This article comments on the reasons for accepting an offer with little to no down payment, the presentation of the offer and brokerage fee aspects, and alternative structuring to generate cash.
Minimizing the carryback risks
A couple decides to purchase income property to begin a real estate investment program.
Each has an excellent income, with a combined discretionary disposable income in excess of $20,000 annually which they will commit to real estate investments.
Over the years, the couple spends most of their disposable income on the cost of high living. Consequently, they have accumulated insufficient cash savings for a down payment on a purchase.

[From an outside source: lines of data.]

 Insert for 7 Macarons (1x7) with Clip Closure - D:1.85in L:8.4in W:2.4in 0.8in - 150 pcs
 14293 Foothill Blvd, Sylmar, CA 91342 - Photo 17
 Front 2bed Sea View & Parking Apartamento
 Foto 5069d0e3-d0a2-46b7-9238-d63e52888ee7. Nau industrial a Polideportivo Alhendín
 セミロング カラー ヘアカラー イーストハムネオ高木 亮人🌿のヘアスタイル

Despite the lack of savings, the couple’s high income enables them to make a “deferred down payment” through significant additional monthly or quarterly principal payments on carryback financing. Thus, the couple creates a self-enforcing savings program.
A deferred down payment investment program builds up an equity in the property purchased through additional, periodic principal payments. The principal reduction is in addition to regular amortized payments and is treated as a deferred cash down payment.

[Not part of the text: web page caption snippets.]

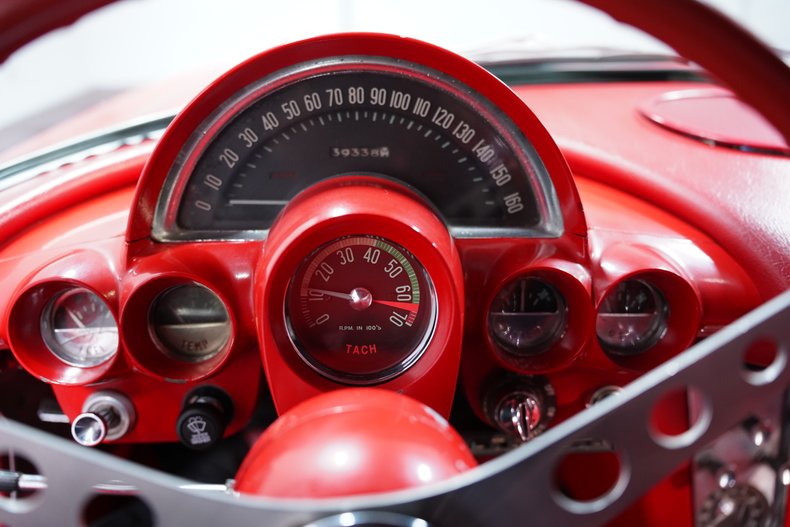 1961 Chevrolet Corvette 31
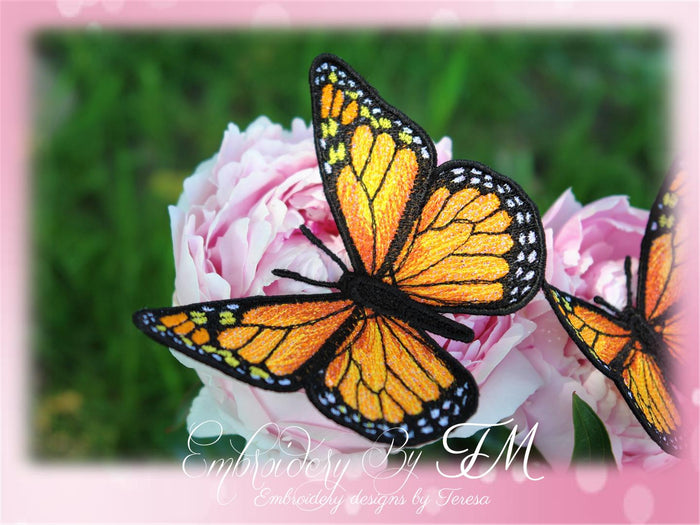 FSL Butterfly No. 8 / Monarch butterfly / two sizes / 4x4 and 5x7 hoop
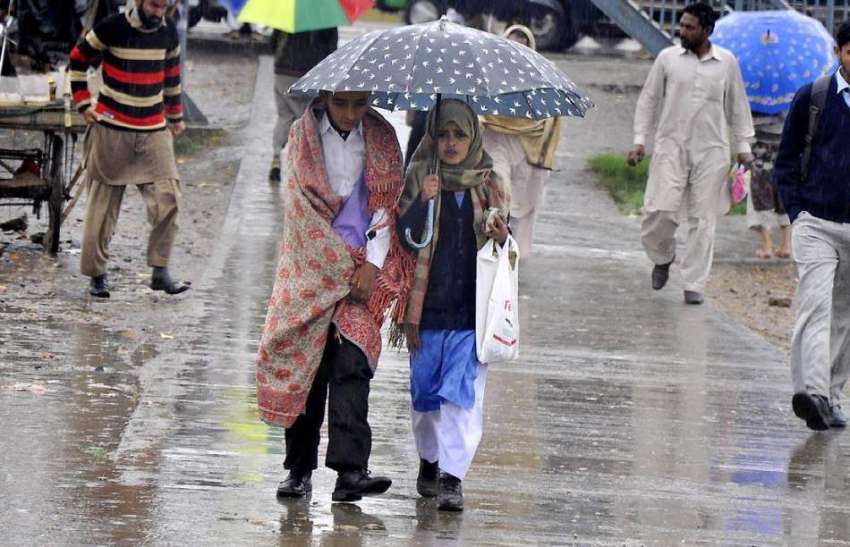 راولپنڈی: شدید بارش کے دوران سکول کے بچے چھتری مے گھروں کو ..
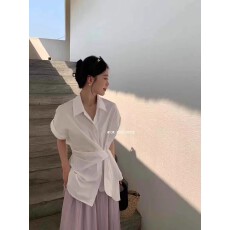 批发气质收腰绑带短袖POLO领白色衬衫女装夏季显瘦中长款法式衬衣上衣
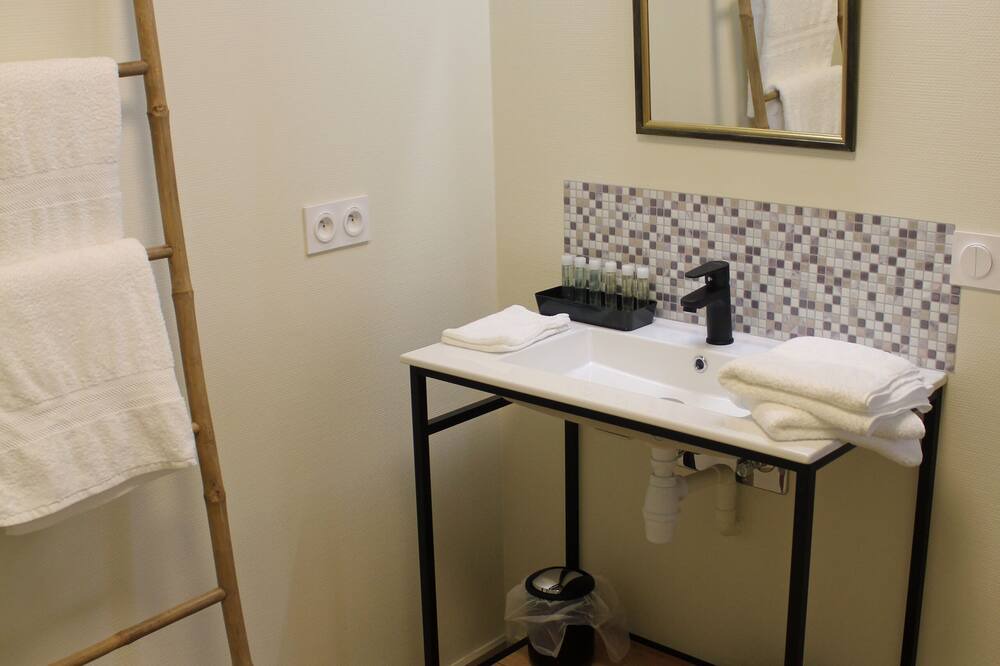 Photo of Bathroom in Vauconcourt-Nervezain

Additional principal payments will be made during the first few years following the purchase of property. With the couple’s $20,000 excess annual income, they have the capacity to pay a seller an additional $60,000 in principal over a three-year period.
At their broker’s suggestion, the couple signs an offer to purchase income property on the following terms:
a purchase price of $600,000;
no cash down payment;
a seller carryback note and trust deed for the entire purchase price;
a current market interest rate;
monthly payments on a 30-year amortization;
additional monthly payments of principal only for three years totalling $60,000; and
a 10-year due date.
The couple’s broker reviews the offer for presentation to the seller and delivers the offer to the seller’s broker.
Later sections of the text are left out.